Tenez, cette phrase du premier ministre : « Il faut être clair : la laïcité ne va pas à l’encontre de la liberté de religion ! » C’est pertinemment faux. Sinon, quelle raison aurait-on d’invoquer la disposition de dérogation ? Des milliers de gens, des enseignantes aux avocats de l’aide juridique — on met le paquet ici pour tenter de faire oublier la véritable cible, les femmes voilées — seront traités comme des citoyens de seconde catégorie à cause de leurs croyances religieuses. Ce n’est ni « respecter la liberté de religion » ni traiter tout citoyen également, deux principes supposément garantis par le projet de loi.
Cette grossière affirmation tient du sophisme, comment expliquer un tel dévoiement de sens autrement, voulant que les porteurs de kippa, de turban et de voile n’ont qu’à se départir de leurs ornements au travail. On ne les empêche pas de croire, seulement de s’afficher. Mais c’est encore une fois travestir les principes garantis par les chartes. Le droit de pouvoir exercer sa religion dans son sous-sol n’est pas un droit. C’est de la répression.

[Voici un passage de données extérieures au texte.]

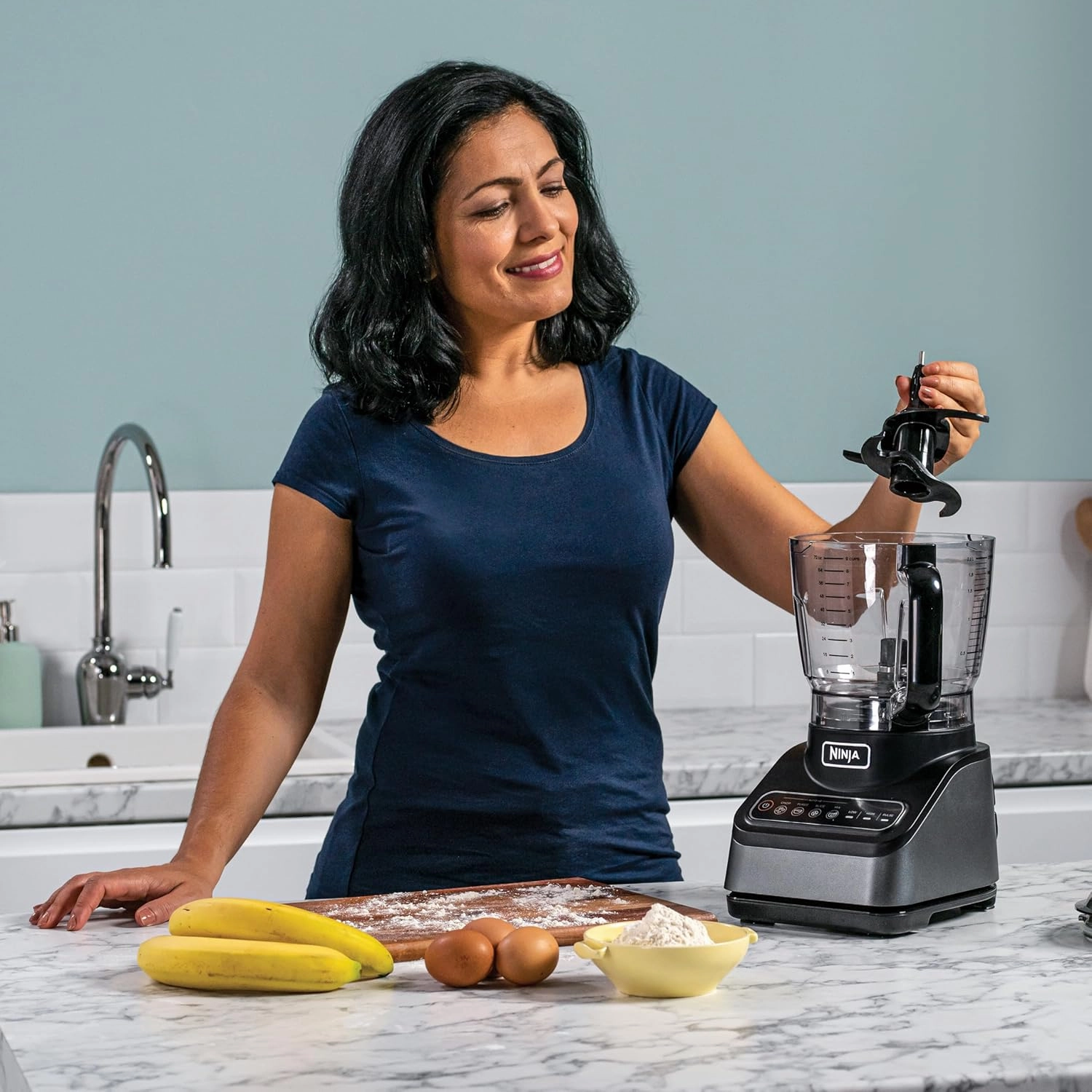 Ninja Food Processor BN650UK  850W, 2.1L Bowl, Black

C’est précisément pour permettre à la liberté de s’exercer, à l’encontre même de celle de la majorité, que les chartes de droits sont nécessaires.
Alors, comment sommes-nous arrivés là ? Une partie de la réponse tient au mépris entretenu par bon nombre de Québécois vis-à-vis de la charte canadienne, perçue comme un « coup de cochon » de la part de Trudeau père. Peu importe que le Québec ait adopté, dès 1975, sa propre charte, considérée à l’époque comme un « acte fondateur » et « le symbole des valeurs de la société québécoise ». La signification de ces documents précieux et combien nécessaires au fonctionnement démocratique a été ultimement bousillée par la guéguerre Québec-Ottawa. On peut en faire aujourd’hui de la bouillie pour les chats, comme vient de le faire le gouvernement Legault, parce qu’il y a longtemps que les droits individuels sont vus comme tels. Il est temps de repenser une telle méprise.
Une certaine mythologie est à l’oeuvre aussi pour ce qui est de la disposition de dérogation. On voudrait nous faire croire qu’y avoir recours est sans conséquence, on en aurait maintes fois fait l’usage au Québec, oubliant de spécifier que dans la majorité des cas, il s’agissait de renforcer un droit existant. Non pas de l’affaiblir. Il n’y a qu’une occasion qui peut se comparer à la situation actuelle : l’application de la loi 101. Mais, encore une fois, on omet de préciser, comme l’a fait le professeur de philosophie Jocelyn Maclure récemment, que les restrictions imposées à l’anglais étaient « nécessaires à l’atteinte de l’objectif visé », celui de faire du français la langue dominante. Alors que la laïcité, elle, n’a que faire de telles restrictions. La neutralité, c’est dans la tête — des individus comme du législateur — que ça se passe.
Finalement, on en arrive là, à dicter à certains leur habillement et leur conduite (dont 90 % sont des immigrants) parce que depuis dix ans, nous avons travesti l’inquiétude millénaire que nous avons de disparaître en la hantise de l’Autre. À partir de quelques incidents malheureux, montés en épingle par médias et politiciens confondus, nous avons transposé sur ceux qui nous font le plus peur — les musulmans en l’occurrence — nos vieilles peurs à nous.
C’est à partir de cette angoisse viscérale devenue aujourd’hui préjugés endurcis qu’on nous propose cet « accord historique ». Mais il n’y a d’historique, ici, que la confusion qu’il nous impose.